Pro-Growth Tax Cuts Will Remain In Place, Spending Restraint Process Begins
WASHINGTON, D.C. – Late last night, the House and the Senate passed the federal fiscal year 2006 budget which will calls for the fifth tax cut in as many years AND starts the process toward reigning in runaway spending.
The budget will continue the pro-growth tax cuts that have been put into place over the past four years by setting the window to make the existing tax cuts permanent and to extend provisions that are set to expire. These cuts include the capital gains and dividend tax cut provisions which were essential to reigniting the stock market after three years of declines. The budget also extends the small business expensing provisions which has helped restore business investment after two straight years of declines.
“The 2003 tax cuts have worked to spur the fastest economic growth in 20 years,” said Grover Norquist, president of Americans for Tax Reform (ATR). “This budget ensures the growth will continue by calling for a fifth year of tax cuts and to extend the tax cuts that have already been enacted.”
At the same time, the newly passed budget begins the process of restoring spending restraint in the nation’s capital.
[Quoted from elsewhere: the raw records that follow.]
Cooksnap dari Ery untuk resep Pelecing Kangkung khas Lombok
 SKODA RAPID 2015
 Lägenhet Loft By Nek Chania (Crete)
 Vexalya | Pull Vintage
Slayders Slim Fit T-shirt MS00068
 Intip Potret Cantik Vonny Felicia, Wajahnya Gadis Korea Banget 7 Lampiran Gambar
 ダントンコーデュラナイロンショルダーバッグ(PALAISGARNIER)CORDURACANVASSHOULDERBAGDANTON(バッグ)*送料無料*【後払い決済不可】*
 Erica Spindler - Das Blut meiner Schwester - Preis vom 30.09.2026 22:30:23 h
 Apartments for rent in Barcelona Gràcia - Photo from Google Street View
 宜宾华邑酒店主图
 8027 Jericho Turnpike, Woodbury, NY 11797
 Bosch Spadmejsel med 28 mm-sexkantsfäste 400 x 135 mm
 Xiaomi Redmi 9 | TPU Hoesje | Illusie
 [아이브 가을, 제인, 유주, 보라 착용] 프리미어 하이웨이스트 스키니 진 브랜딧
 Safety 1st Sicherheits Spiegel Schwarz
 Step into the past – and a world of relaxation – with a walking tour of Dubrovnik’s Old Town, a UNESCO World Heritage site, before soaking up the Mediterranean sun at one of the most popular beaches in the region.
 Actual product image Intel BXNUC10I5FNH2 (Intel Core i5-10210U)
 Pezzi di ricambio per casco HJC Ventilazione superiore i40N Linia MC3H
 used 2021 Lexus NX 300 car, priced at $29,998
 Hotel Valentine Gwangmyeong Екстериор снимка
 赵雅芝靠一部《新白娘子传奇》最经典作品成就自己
In the past four years, federal spending as a percentage of Gross Domestic Product (GDP) increased by 5.4 percent. The proposed budget will slow the growth of mandatory spending by including reconciliation language for authorizing committees for a $34.7 billion reduction over five years. At the same time, non defense, non homeland discretionary spending will decline by 0.8 percent.
“This budget is the first step towards restraining the raptorial spending interests who have been feeding at the expense of the American taxpayer for the past four years,” continued Norquist. “A message has been sent with last night’s vote – the party is over and taxpayers will come first in each successive budget from here on in.”